A Memoir of Sexual Discovery, Modern Music and The United States of America

by Adam Tendler

Pub Date: Dec. 9th, 2013
ISBN: 978-0-615-70009-0
Publisher: Dissonant States Press

In this debut memoir, a young pianist recalls touring the United States with his program of contemporary American music while struggling with his closeted sexuality.

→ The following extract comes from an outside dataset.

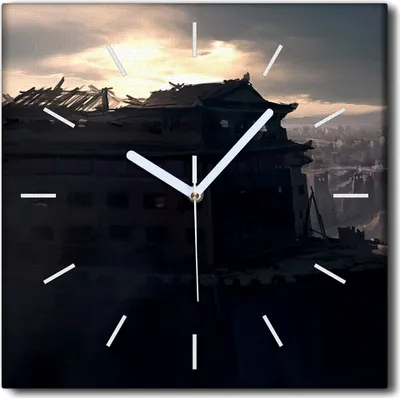 Produktbild von Coloray Uhr auf Leinwand 30x30 cm Wand Uhr Dekoration Wohnzimmer Segeltuch weiße Zeiger -Landschaftsarchitektur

After graduating from music school with honors, Tendler came up with a bold idea: “I’d always wanted to travel, I loved modern American music, and I had nothing else to do. I would call it America 88x50—eighty-eight keys by fifty states.” His program showcased four American art-music composers—Charles Ives, Charles Tomlinson Griffes, Alberto Ginastera and Aaron Copland. After emailing his proposal—which he now describes as “a grandiose web of half-truths”—to 50 presenters, he got no positive responses. “Clearly, you are not a professional musician,” said one presenter in an email reply. He decided to tour anyway. Tendler was ill-prepared, at first lacking a website, publicist or even a poster. (He now has a website with sound files, photographs and reviews.) Nevertheless, Tendler lined up a handful of concerts and hit the road, playing wherever he could get a booking—a nursing home, an elementary school, a noisy coffee shop—and eventually, he reached his goal. Even nonmusical readers could become engrossed in Tendler’s narrative as he struggles with self-doubt, logistics, health and coming out, as well as the underlying fight to maintain his pursuit of art through the generosity of others when funding is slim and audiences tiny. The elderly, he discovered, are the most likely to take chances and show up, “while my own hipper-than-thou demographic of twenty-somethings could scarcely ever be found.” In many ways, his quest is personal, though Tendler “learned long ago that only by playing before an audience can a pianist really discover the truth about what they know or don’t know about a piece of music,” and his exploration of this relationship is fascinating. For instance, when he played his dissonant music at a Hurricane Katrina benefit and a disrupted family was in the audience, his host told him that, to them, “Your program made perfect sense.”

An honest, searching exploration of the artist as a young man.